It will be about optimization in MySQL database.
This happened when we made a system for email newsletters. Our system was supposed to send tens of millions of letters per day. Sending a letter is not an easy task, although everything looks pretty primitive:
- Collect a letter from html creative, substitute personalized data.
- Add a pixel for viewing the letter, replace all links in the letter with your own – to track clicks.
- Check before sending that the email is not in the black list.
- Send an email to a specific pool.
I will tell you more about the second paragraph:
Microservice mail-builder is preparing a letter for sending:
- finds all links in the letter;
- a unique 32-character uuid is generated for each link;
- replaces the original link with a new one and saves the data in the database.
Thus, all source links will be replaced with uuid, and the domain will be changed to ours. When you get a GET request using this link, we proxy the original image or redirect to the original link. Saving occurs in the MySQL database, we save the generated uuid along with the original link and with some meta information (user email, mailing id and other data). Denormalization helps us in 1 request to get all the necessary data to save statistics, or start some kind of trigger chain.
Problem number 1
The generation of our uuid was depended on timestamp.

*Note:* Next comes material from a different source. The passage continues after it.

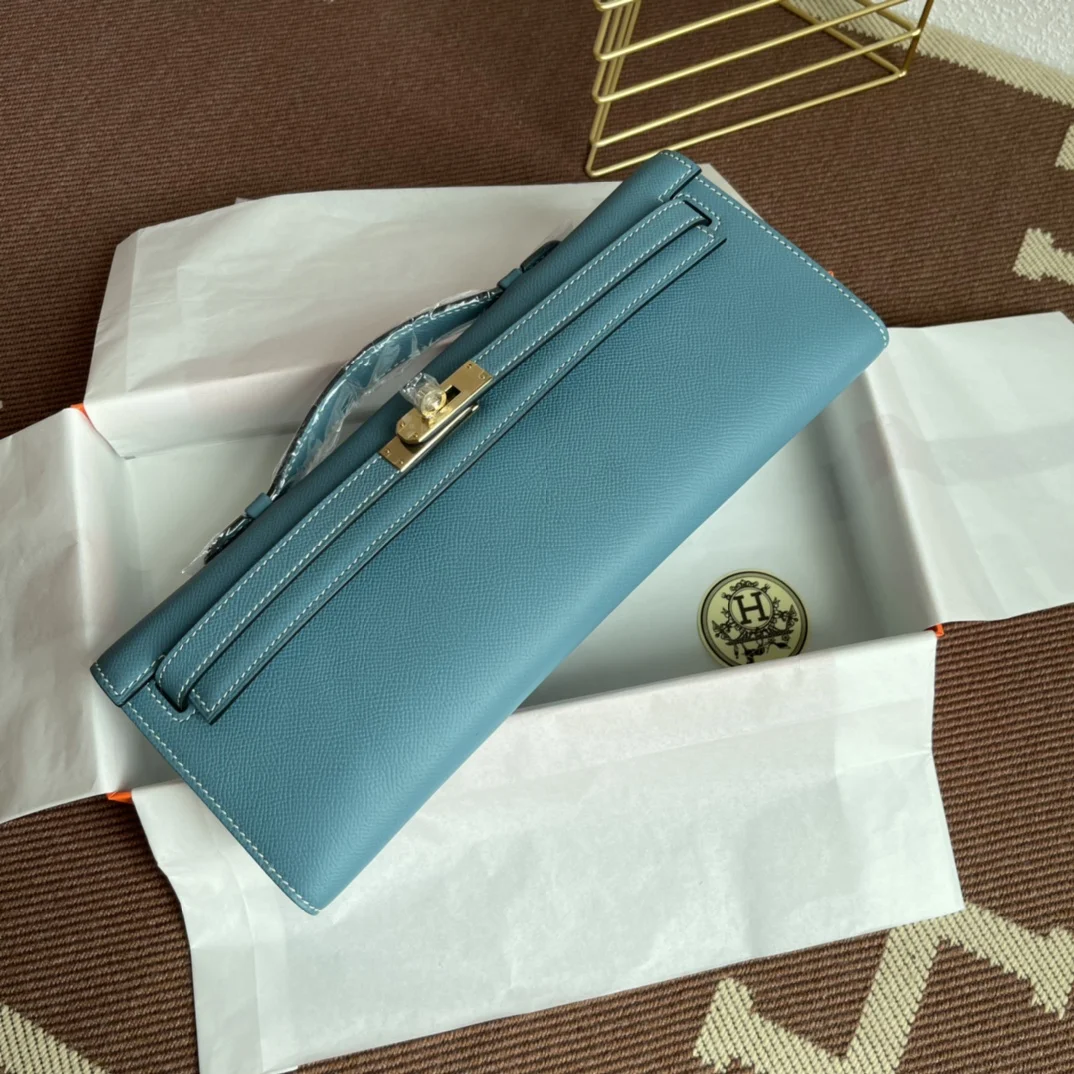 HERMES Clutches Bags Epsom Leather (Blue-Gold) 31X14X3CM H00202608091076 - Image 3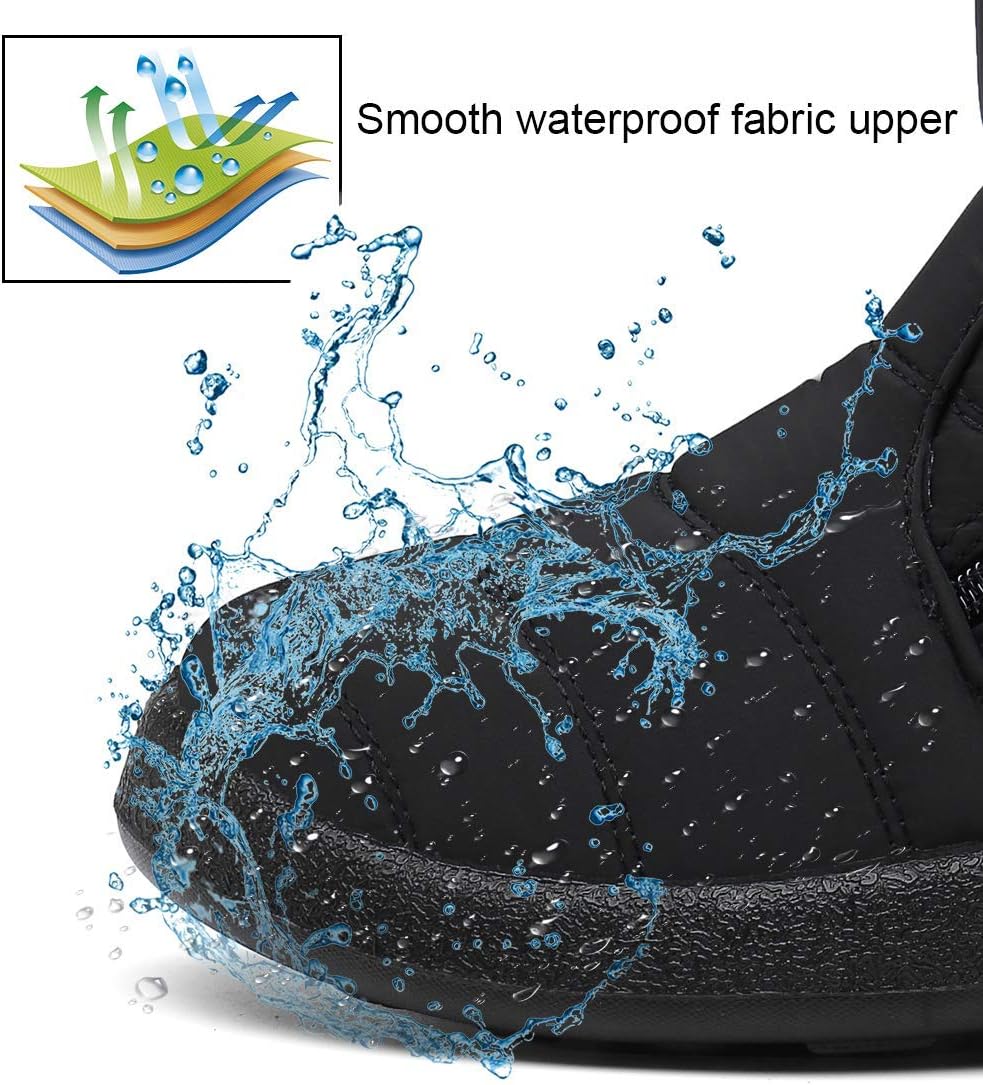 Hsyooes Winter Boots Women's Waterproof Winter Shoes Warm Ankle Boots Winter Snow Depth Lined Short Shaft Boots Non-Slip Slip-On Boots Flat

Since mailings usually occur in a certain period of time and many instances of microservice for assembling a letter are launched, it turned out that some of the uuids were very similar. UPD: because the data was similar, working with the bi-tree was not very effective.
We solved this problem using the uuid module in python, where there is no time dependence.
Such an implicit thing reduced the speed of indexes.
What about the storage?
The structure of the table was next:
CREATE TABLE IF NOT EXISTS `Messages` ( `UUID` varchar (32) NOT NULL, `Message` json NOT NULL, `Inserted` DATE NOT NULL, PRIMARY KEY (`UUID`) ) ENGINE = InnoDB DEFAULT CHARSET = utf8;
At the time of creation, everything looked logical:
UUID is a primary key, and is also a clustered index. When we make a selection on this field, we simply select the record, because all values are stored right there. This was a deliberate decision.
Everything was wonderful until the table grew.
Problem number 2
If you read more about the cluster index, you can find out about this nuance:
When adding a new row to the table, it is added not to the end of the file, not to the end of the flat list, but to the desired branch of the tree structure corresponding to it by sorting.
Thus, with increasing load, insertion time will be increased.
The solution was to use a different table structure.
CREATE TABLE IF NOT EXISTS `Messages` ( `ID` int (11) NOT NULL AUTO_INCREMENT, `UUID` varchar (32) NOT NULL, `Message` json NOT NULL, `Inserted` DATE NOT NULL, PRIMARY KEY (`ID`), UNIQUE KEY `UUID` (` UUID`, `Inserted`) ) ENGINE = InnoDB DEFAULT CHARSET = utf8;
Since the primary key is now auto-incrementing, and mysql stores the cache of the last insertion place, now the insertion always occurs at the end, i.e. Innodb is optimized for writing sequentially increasing values.
I found the details of this optimization in the postgres source code. Mysql implements very similar optimization.
Of course, I had to add a unique key, but we increased the insertion speed.
With even greater growth in the database, we thought about deleting old data. Using DELETE on the Inserted field is absolutely not optimal – this is a very long time, and the place will not be freed until we execute the optimize table command. By the way, this operation completely blocks the table – this didn’t suit us at all.
Therefore, we decided to split our table into partitions.
1 day – 1 partition, the old ones drop automatically when the time comes.
Problem number 3
We got the opportunity to delete the old data, but we did not get the opportunity to choose from the desired partition, because with select we specify only uuid, mysql doesn’t know in which partition we should look for it and look in all.
The solution was born from Problem # 1 – add a timestamp to the generated uuid. Only this time we did a little differently: we inserted a timestamp in a random place on the line, not at the beginning or at the end; before and after was added the dash symbol so it can be obtained with a regular expression.
With this optimization, we were able to get the date when the uuid was generated and already make a select indicating the specific value of the Inserted field. Now we read the data immediately from the partition we need.
Also, thanks to things like ROW_FORMAT = COMPRESSED and changing the encoding to latin1, we saved even more space on the hard drive.